Comparing Only Categories of Interest Within Songbird Formula

Guneet_Janda · February 9, 2021, 5:33am

Hi all,

Running songbird for differential abundance analysis and the variable of interest is a categorical variable with the following labels: healthy controls, untreated, 1 month treatment, and 6 months treatment. I've been trying to create a model using songbird to see which microbes are changing from each group but so far my models are relatively poor performing, and I am unable to get loss to decrease and for the R-squared to increase.

I was wondering if I could just somehow specify in the model formula to only compare the healthy controls and untreated, to see if the model can at least discriminate that. That is the major comparison I am interested in, but I don't know how to specify in the formula to just ignore the treatment groups. Judging from our other data, I'm worried that the treated groups look too similar to the healthy controls which is leading to the poor model performance. Any help in designing a formula or other comparison ideas would be appreciated!

Thanks!

mortonjt · February 10, 2021, 3:59pm

Hi @Guneet_Janda, just to confirm, did you run any beta diversity? Did you see any differences at a global scale. Because if beta diversity fails to find a signal, then songbird will also likely fail.
Otherwise, you may need to decrease the learning rate (i.e. 1e-4).

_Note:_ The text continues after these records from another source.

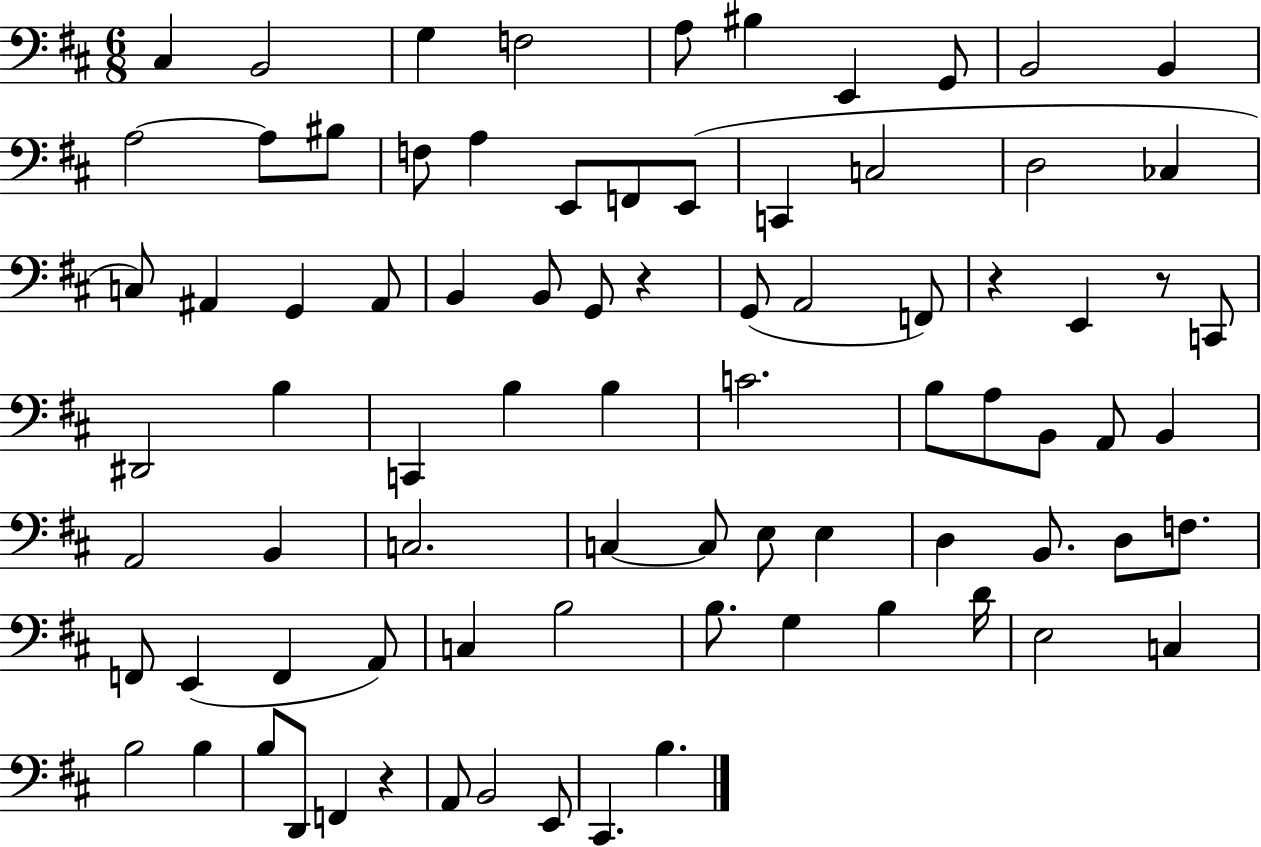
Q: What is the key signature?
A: D major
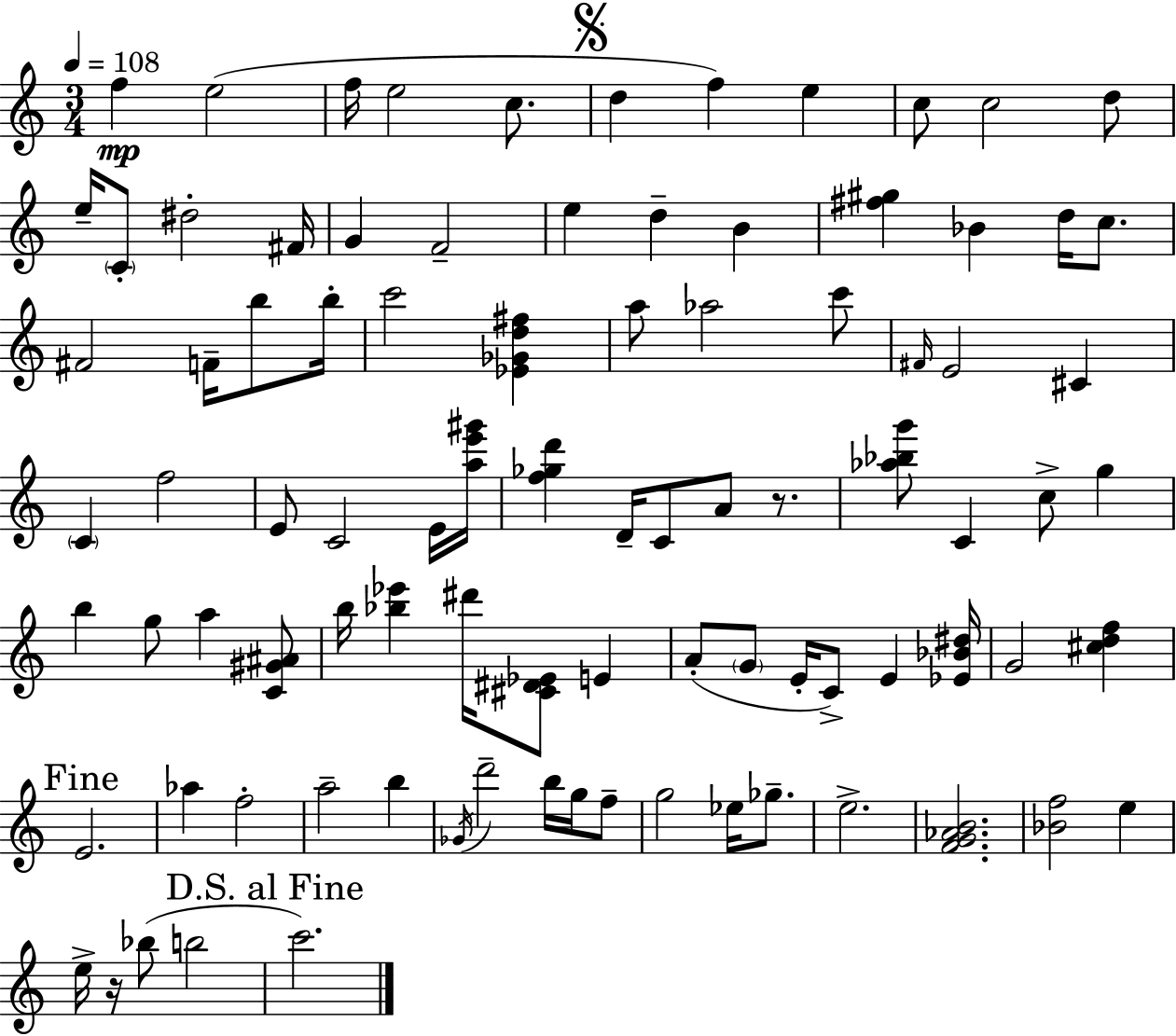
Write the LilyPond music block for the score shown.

{
  \clef treble
  \numericTimeSignature
  \time 3/4
  \key a \minor
  \tempo 4 = 108
  f''4\mp e''2( | f''16 e''2 c''8. | \mark \markup { \musicglyph "scripts.segno" } d''4 f''4) e''4 | c''8 c''2 d''8 | \break e''16-- \parenthesize c'8-. dis''2-. fis'16 | g'4 f'2-- | e''4 d''4-- b'4 | <fis'' gis''>4 bes'4 d''16 c''8. | \break fis'2 f'16-- b''8 b''16-. | c'''2 <ees' ges' d'' fis''>4 | a''8 aes''2 c'''8 | \grace { fis'16 } e'2 cis'4 | \break \parenthesize c'4 f''2 | e'8 c'2 e'16 | <a'' e''' gis'''>16 <f'' ges'' d'''>4 d'16-- c'8 a'8 r8. | <aes'' bes'' g'''>8 c'4 c''8-> g''4 | \break b''4 g''8 a''4 <c' gis' ais'>8 | b''16 <bes'' ees'''>4 dis'''16 <cis' dis' ees'>8 e'4 | a'8-.( \parenthesize g'8 e'16-. c'8->) e'4 | <ees' bes' dis''>16 g'2 <cis'' d'' f''>4 | \break \mark "Fine" e'2. | aes''4 f''2-. | a''2-- b''4 | \acciaccatura { ges'16 } d'''2-- b''16 g''16 | \break f''8-- g''2 ees''16 ges''8.-- | e''2.-> | <f' g' aes' b'>2. | <bes' f''>2 e''4 | \break e''16-> r16 bes''8( b''2 | \mark "D.S. al Fine" c'''2.) | \bar "|."
}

Regarding the second question, what have you treated? If you just want to look at 1 categorical variable, you can just specify the column in the formula -- if you are looking to exclude some samples, see qiime feature-table filter-samples

Guneet_Janda · February 10, 2021, 4:56pm

Hi, thanks for the quick response! I did run beta diversity and saw a significant difference between the control group and the untreated group.

Regarding treatment, I should've explained better initially but I basically have two cohorts, a healthy control group and an untreated patient group. The patient cohort was given treatment and I have samples from various timepoints as treatment continued. What I want to do is look at the differentials between just the control and the untreated group and then see how those ratios change with increased treatment time. So I would like to keep in the samples that are outside of the control and treatment group, but I don't want the songbird model to actually try to discriminate differences there.

Right now the model is unable to perform well, but since the beta and even alpha diversity metrics are significantly different between the untreated and control samples and not very different between the control and treated samples my guess is that its having issues discriminating between the control and treated samples, leading to the poor performance. I want to have a model that performs well on just a subset of the samples (control and untreated) but then see how those differentials change with time (in the treated).

Let me know if that makes sense, and thank you in advance for your help!

mortonjt · February 10, 2021, 5:15pm

Yes you can exclude samples, but you can also modify the formula.

For the next post, make sure to post the commands you used and the diagnostic plots, it'll allow us to give more helpful feedback.

Guneet_Janda · February 11, 2021, 3:16am

Ahh I see - I think I misunderstood the 'differential.qza' output. I thought it gave differentials for each sample, but it seems it gives the differentials for each feature between each comparison group. I see why excluding samples makes sense now, thank you!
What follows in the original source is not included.